# Attention All Calvinists: I Need Your Help!



## eqdj (Nov 6, 2008)

I’m diablogging with a friend of mine who is an anti-Calvinist. 

In our discussions he keeps returning to (what I believe is the faulty) assumption that we Calvinists are so because we have read a Calvinistic document (Confession, Catechism, or works by Calvinistic Authors) and then subject Scripture to our predetermined hermeneutic. 

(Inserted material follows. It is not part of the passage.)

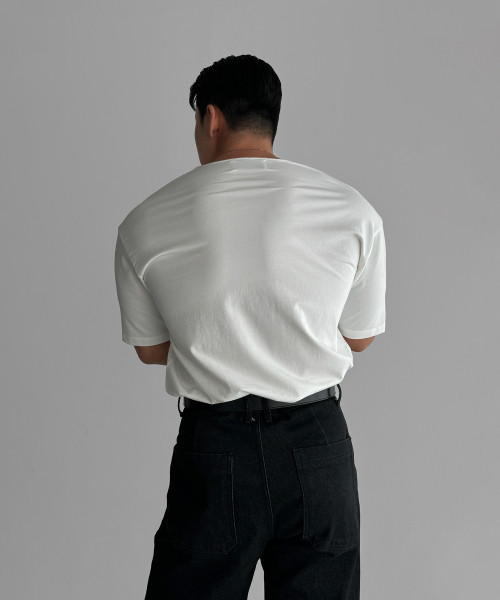 BOWLOW PRODUCT（バウロープロダクト）の「コットンUネックTシャツ[アイボリー]（Tシャツ/カットソー・メンズ・その他・MEDIUM/LARGE/X-LARGE）」の3枚目の写真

I would appreciate it if you would take a quick minute to write a short “testimony” of how you came to embrace the doctrines of grace on my blog comments at www.eqdj.wordpress.com.

Thank you


----------



## LawrenceU (Nov 6, 2008)

Well, it wasn't that way with me. I wasn't raised in a Calvinist setting at all. I came to that conclusion as a young adult when I put all the books on the shelf except for Scripture. John, Romans, and Ephesians nailed me to the floor.


----------



## panta dokimazete (Nov 6, 2008)

I didn't even know who John Calvin was when I became convinced by Scripture of God's monergistic work. It was only later that I understood the Doctrines of Grace to be synonymous with Calvinism.


----------



## pm (Nov 6, 2008)

Well, I was a Christian for 36 years, involved in Christian work, reading the Bible and studying doctrine before I started considering Reform Theology. It took several years of reading, studying before I fully embraced it and now consider myself a Calvinist, with much more to learn.


----------



## A5pointer (Nov 6, 2008)

Have him interpret Romans 9 and sit back and watch him do what he accuses you of doing. It is so clear there that his doctrinal predisposition will be obvious.


----------



## Spinningplates2 (Nov 6, 2008)

eqdj said:


> In our discussions he keeps returning to (what I believe is the faulty) assumption that we Calvinists are so because we have read a Calvinistic document (Confession, Catechism, or works by Calvinistic Authors) and then subject Scripture to our predetermined hermeneutic.
> here.
> 
> Thank you



In my case your friend is right. Simply check out my introduction post and you will see that I am not changing my story.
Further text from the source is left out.